Sunday, April 19, 2015

More Sunday Soul Shots

We're still getting suggestions for great R&B / Soul performances ... here's the latest list provided by our readers ...

But first ...

Some very sad new this past week ... soul legend (and Rock And Roll Hall of Famer) Percy Sledge passed away at the age of 74.  His name has come up several times amongst your Soul and R&B Favorites, thanks to his across-the-boards #1 Hit "When A Man Loves A Woman".  (Personally, this is another record that, much as I loved it, I burned out on the track after radio beat it relentlessly into our heads for so many years ... but that doesn't mean it isn't a great and classic recording.  Another Percy Sledge favorite for me is "Take Time To Know Her", a #11 from 1968.) 
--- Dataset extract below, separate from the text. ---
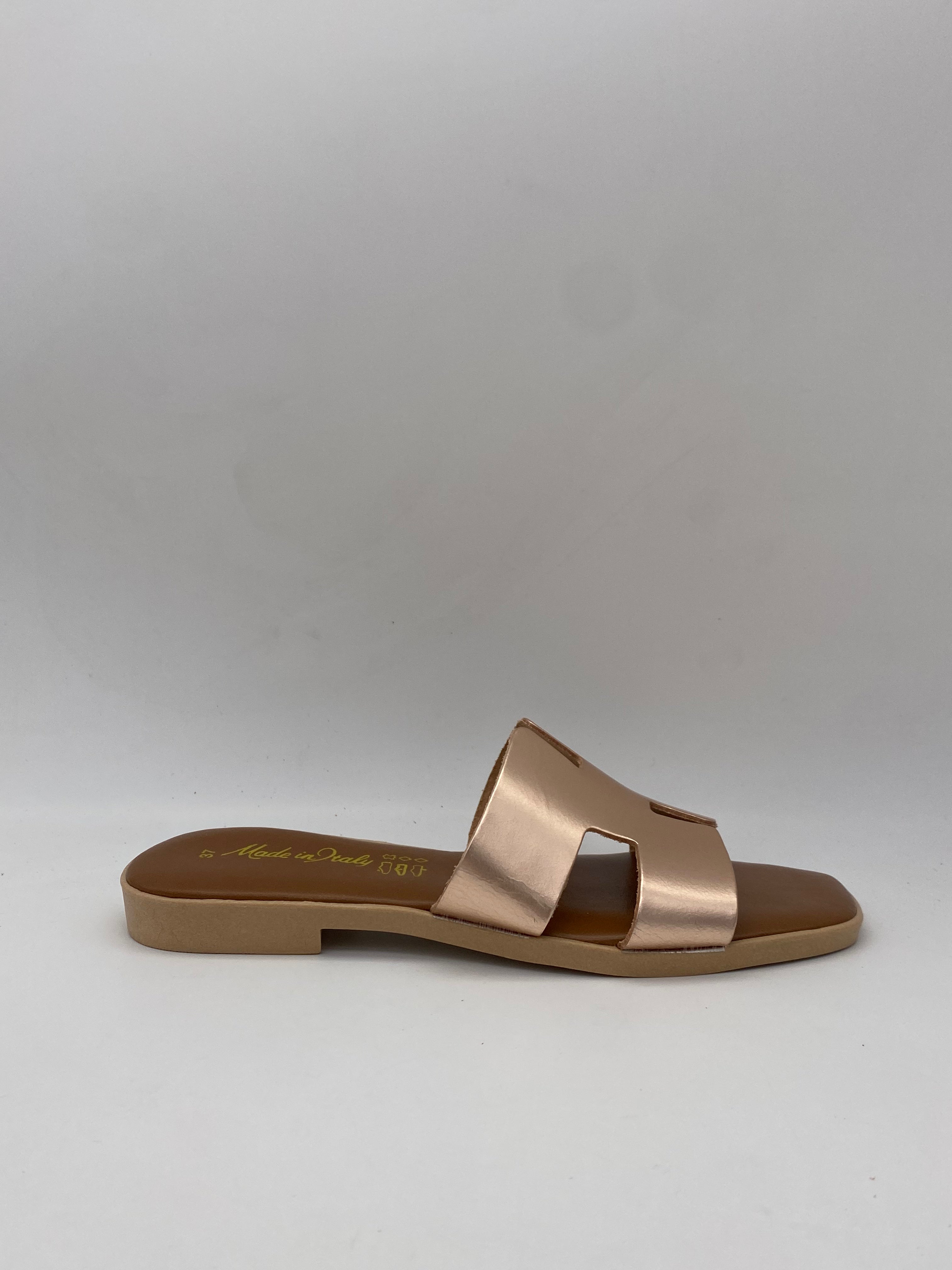 Made in Italy - Laminate - Donna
Here is Ron Smith's official obituary from his website:   

Percy Sledge, best remembered for the romantic classic, "When A Man Loves A Woman" (#1 Pop, #1 R&B - 1966) but who charted thirteen other times on the Pop Charts alone in nine years, died of liver cancer Tuesday (April 14) in Baton Rouge, Louisiana, at the age of 73. Born in Leighton, Alabama, he started out singing with the local Esquires Combo while working as a hospital orderly. Percy and two of the Esquires (not to be confused with the later R&B group) wrote "When A Man Loves A Woman," but he gave the credit to the others. Recording the song at a Muscle Shoals, Alabama, studio, it was picked up by Atlantic Records, who made him a solo star. Other tunes included "Take Time To Know Her" (#11 Pop, #6 R&B - 1968), "Warm And Tender Love" (#17 Pop, #5 R&B - 1966) and "It Tears Me Up" (#20 Pop #7 R&B - 1966). Michael Bolton took "When A Man Loves A Woman" back to the top of the Pop Charts in 1991. Percy was inducted into the Rock 'n' Roll Hall of Fame in 2005 and given the Rhythm and Blues Pioneer Award in 1989. He was also inducted into the Alabama Music Hall of Fame, the Carolina Beach Music Hall of Fame and the Louisiana Music Hall of Fame. 
-- Ron Smith

Percy's health had worsened of late ... I remember running a couple of reports in FH over the last several months. 
He was perhaps one of the most unlikely candidates for induction into The Rock And Roll Hall Of Fame, with a limited hit list and nothing even closely resembling rock and roll in his catalog.  Former Y103.9 deejay Jim Shea was at the ceremony in Cleveland when Sledge was inducted and had the opportunity to sit with him ... Sledge was as bewildered as anybody else across America, wondering what he was doing there.  (Ahmet Ertegan probably had a LOT to do with that ... look at the early Rock And Roll Hall Of Fame Inductees list and you'll see Atlantic Records artists all over the place.  He was a big part of getting the organization founded ... and some might say that Jann Wenner went out of his way to make sure that Atlantic was always represented when the final vote tallies were posted.)  kk 

Kent ... 
"When A Man Loves A Woman" wasn't his only great song.  In my opinion, this was another one.  RIP.  
Frank B.   
I totally agree with you on this one ... one of MY favorites by him as well.  (kk)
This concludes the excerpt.